Título: Portos estranhos
Autor: Dionísio Dias Carneiro
Fonte: O Estado de São Paulo, 04/02/2005, Economia, p. B2

Kermit Roosevelt, filho do presidente Theodore Roosevelt, usou uma bela imagem ao contar que os navios que partiam para destinos desconhecidos eram classificados pelas autoridades portuárias como "licenciados para portos estranhos". A idéia de algo ser adequado para enfrentar o que se desconhece é paradoxal, mas útil. É um requisito desejável tanto para a preparação formal da mão-de-obra num mundo caracterizado pelas inovações tecnológicas quanto para a construção de instituições em economias que se organizam para as aventuras de uma economia de mercado, rumo ao progresso. Davos dá o que pensar. Lula mostrou-se feliz com a acolhida. Isso qualifica o Brasil para uma viagem pelos portos estranhos do capitalismo avançado. Conseguiremos zarpar? Algumas manifestações deste início de ano denunciam a dificuldade da adaptação do pensamento por trás da mudança de discurso.
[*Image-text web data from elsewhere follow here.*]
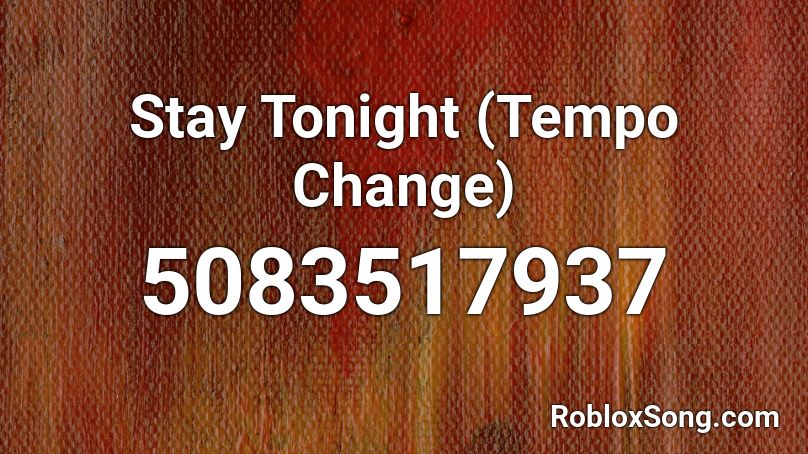 Stay Tonight (Tempo Change) Roblox ID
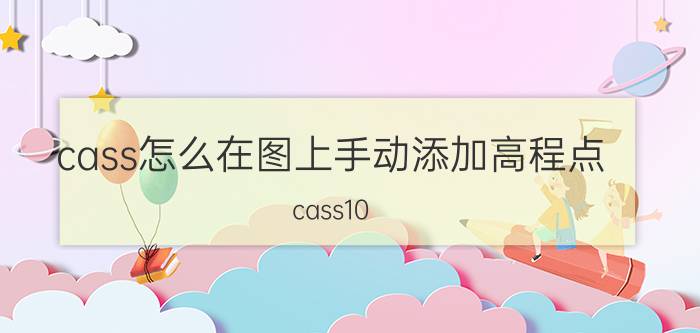 cass怎么在图上手动添加高程点 cass10.1绘制等高线？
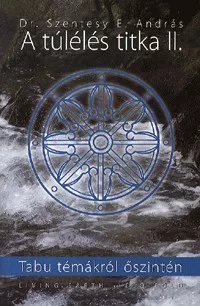 A túlélés titkai II. - Tabu témákról őszintén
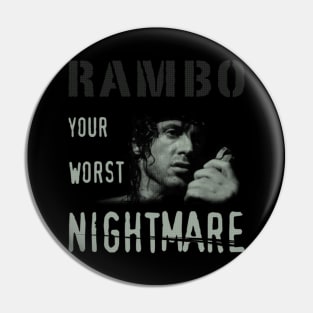 Your Worst Nightmare Pin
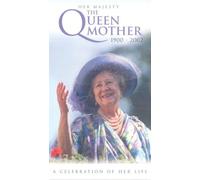 The Queen Mother - a Celebration of Her Life 1900 - 2002 [VHS]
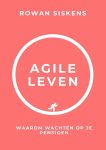 Rowan Siskens - Agile Leven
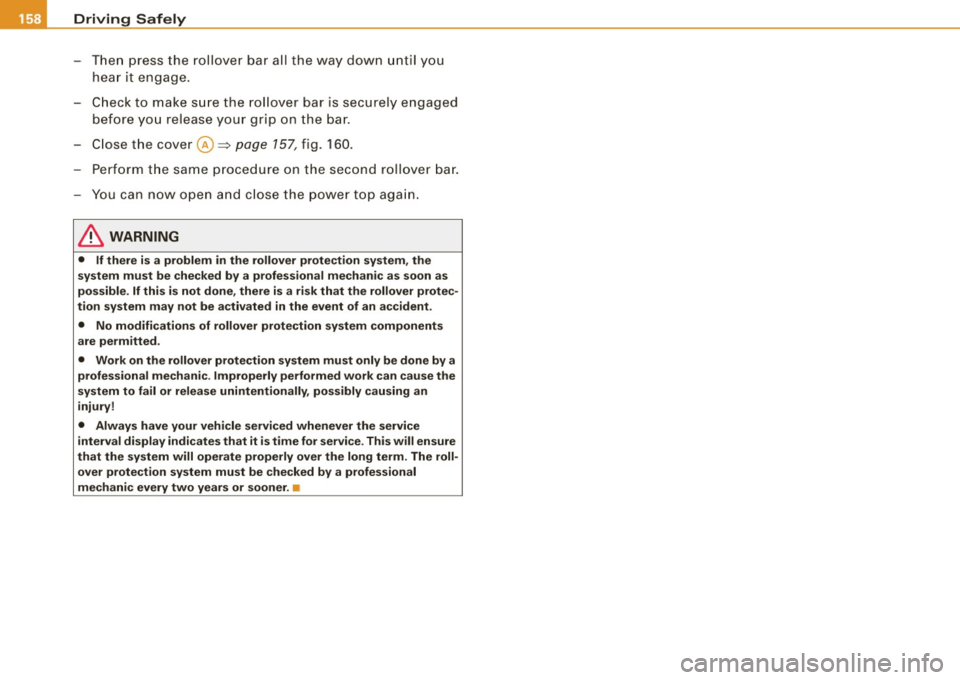 AUDI S4 CABRIOLET 2009 Owners Manual ___ D_ r _i_v _i_n ..;;:g ::;,._ S_ a_ f_ e---= ly----------------------------------------------------
- Then press the rollover bar all the way down until you
hear it engage.
Check to ma AUDI S4 CABRIOLET 2009 Owners Manual ___ D_ r _i_v _i_n ..;;:g ::;,._ S_ a_ f_ e---= ly----------------------------------------------------
- Then press the rollover bar all the way down until you
hear it engage.
Check to ma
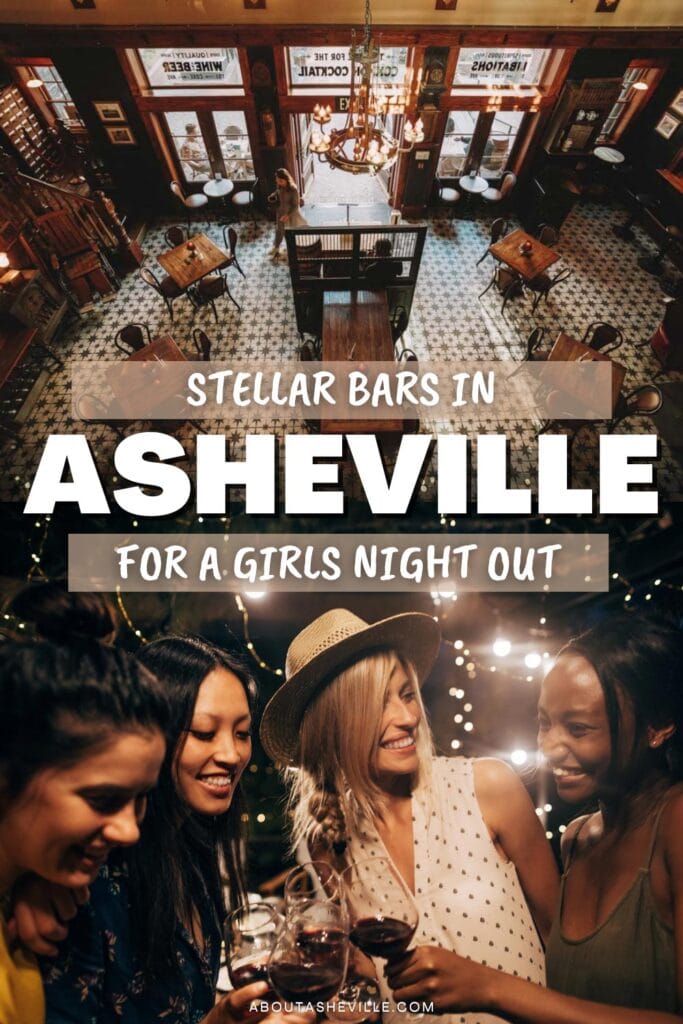 Best Bars in Asheville, NC for a Girls' Night Out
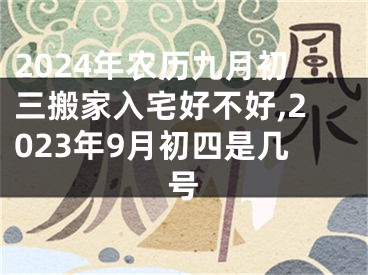 2024年农历九月初三搬家入宅好不好,2023年9月初四是几号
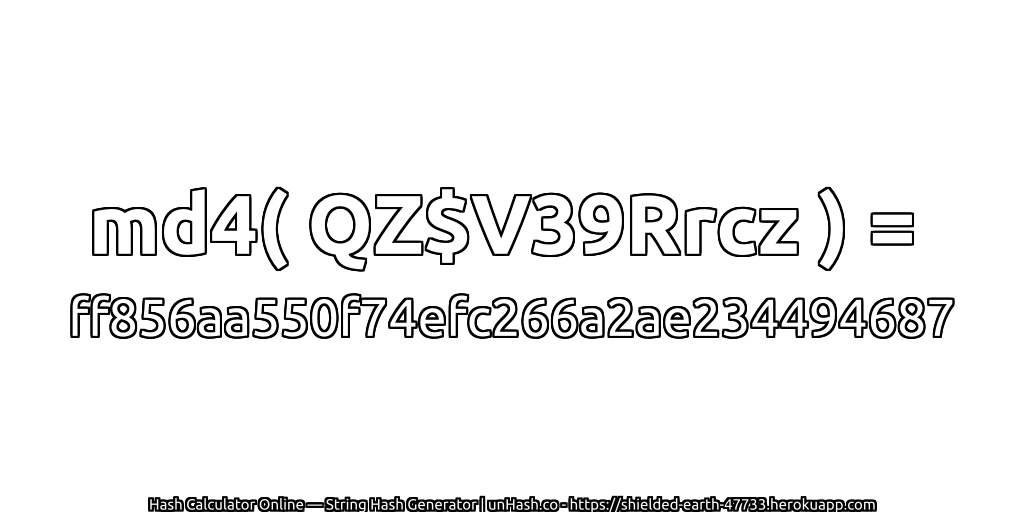 md4( QZ$V39Rrcz ) = ff856aa550f74efc266a2ae234494687 | unHash.co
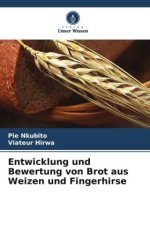 Entwicklung und Bewertung von Brot aus Weizen und Fingerhirse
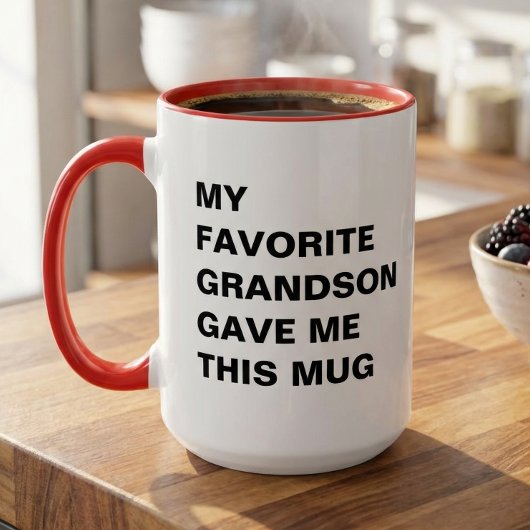 Mon petit-fils préféré m'a donné cette tasse
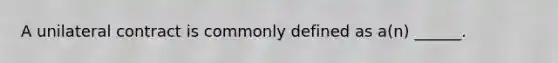 A unilateral contract is commonly defined as a(n) ______.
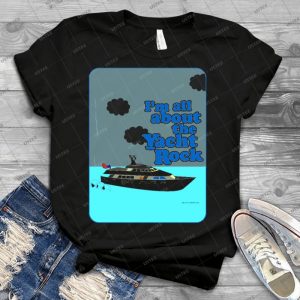 All About The Yacht Rock  7 - Best Unisex Trending Handmade T-shirt Gift Idea For Men T-shirt For Woman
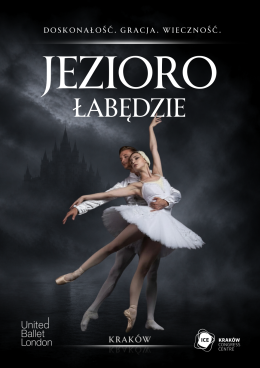 Kraków Wydarzenie Opera | operetka Jezioro łabędzie - United Ballet London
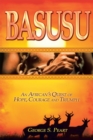 Image for Basusu: An African&#39;s Quest of Hope, Courage, and Triumph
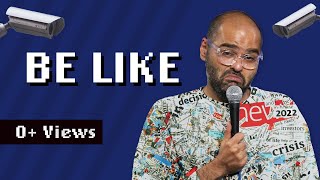 BE LIKE : A Stand-up Comedy Special by Treva Nova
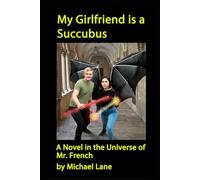 My Girlfriend Is A Succubus: A Novel In The Universe Of Mr. French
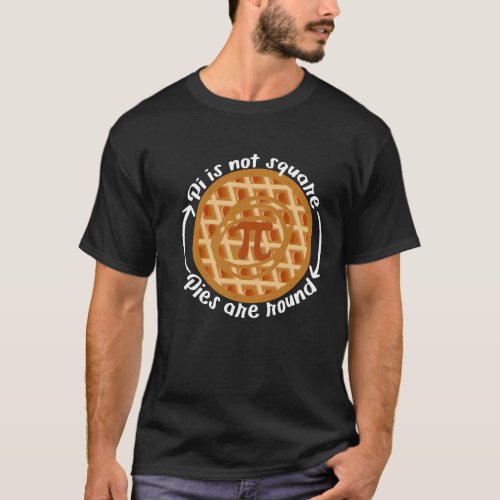 Pi Are Not Square Pies are Round T_Shirt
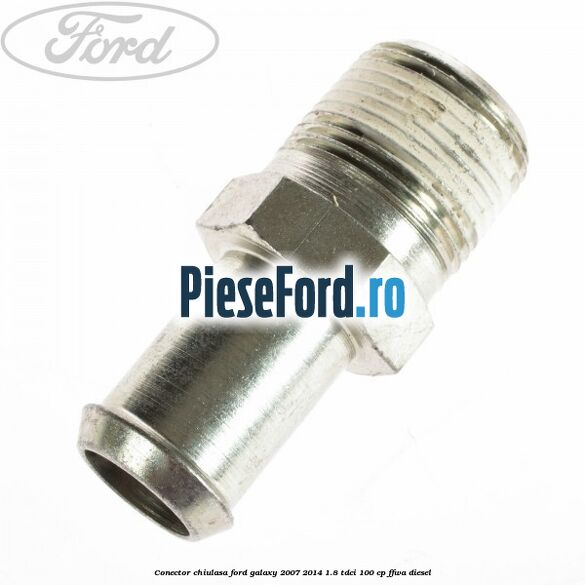 Conector chiulasa Ford Galaxy 2007-2014 1.8 TDCi 100 cp FFWA diesel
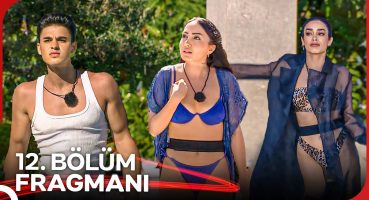 Aşk Adası 12. Bölüm Fragmanı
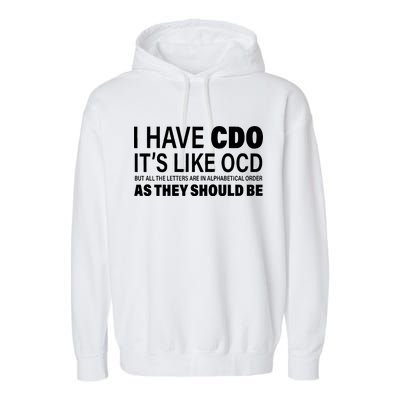 I Have CDO Its Like OCD But In Alphabetical Order Garment-Dyed Fleece Hoodie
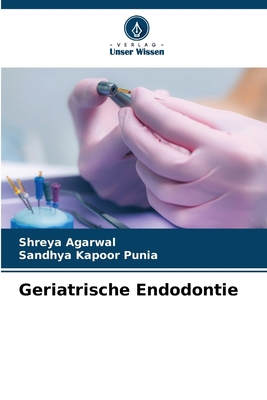 Geriatrische Endodontie [German] 6207518977 Book Cover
Alguns exemplos apareceram nas discussões sobre a "inevitabilidade" do aumento da carga tributária, na defesa dos impostos de fácil coleta, no crescimento das despesas públicas com a efetivação de funcionários temporários, na vitória do poder discricionário dos ministérios sobre o respeito à autonomia das agências reguladoras, no uso dos grandes projetos de investimento como instrumento de reafirmação do poder federal sobre o destino dos Estados e municípios, na revoltante associação entre assassinatos e o agribusiness, na absurda tentativa de reviver os elementos de controle sobre a informação contida nas infelizes declarações de Lula sobre as pesquisas do IBGE, e assim por diante. Tais manifestações motivam a institucionalização dos absurdos que enrijecem o Estado no rumo de portos conhecidos. Um exemplo é a portaria sobre os destinos dos dados do IBGE, que mostra que não foram superadas as motivações do projeto da Ancinav. Por detrás da tentativa de mostrar um compromisso com uma economia mais flexível, a antiga militância continua a tentar construir o Estado autoritário.

Superar o voluntarismo típico dos governos autoritários, sempre a exibir a bandeira das preocupações "sociais" como desculpa para o dirigismo nos investimentos e para o aumento permanente das despesas públicas, é um desafio para a longa curva que o governo Lula e seu partido estão promovendo para mudar o rumo de seu discurso. Foi preciso muita habilidade política para transformar o discurso de campanha, que atrasou a recuperação do crescimento brasileiro, no discurso em Davos, onde reafirmou, com maior confiança, em linhas essenciais, que a seriedade da mudança liderada pelo ministro Palocci não é apenas um truque para atrair incautos. Mas é preciso mais do que habilidade política para enfrentar os obstáculos intramuros, que, nos próximos dois anos, provocarão perdas de militantes radicais frustrados, ainda que sinceros. Os gestos para conter este êxodo lembram os espasmos do dr. Strangelove, caracterização grotesca do ex-nazista imortalizado por Peter Sellers no filme de mesmo nome. O estranho amor pela bomba, em nome da paz, encontra um paralelo no momento em que o Brasil tem todas as condições para decolar.

Em nome do social, enrijece-se a estrutura tributária, centralizam-se decisões de investir nas mãos do governo e aumentam-se as despesas públicas. Esta postura dificulta o preparo do grande navio brasileiro para as incertezas dos portos desconhecidos do futuro. E fomenta conluios entre investidores privados e burocratas ambiciosos. Uma coalizão que faz vicejar o que há de pior nas sociedades capitalistas modernas: a disputa pelas rendas de monopólio travestida de busca do lucro pela inovação. Há cem anos, o presidente Ted Roosevelt, um homem do establishment, esforçou-se para tornar mais clara a distinção entre essas duas fontes de renda nas instituições do capitalismo americano.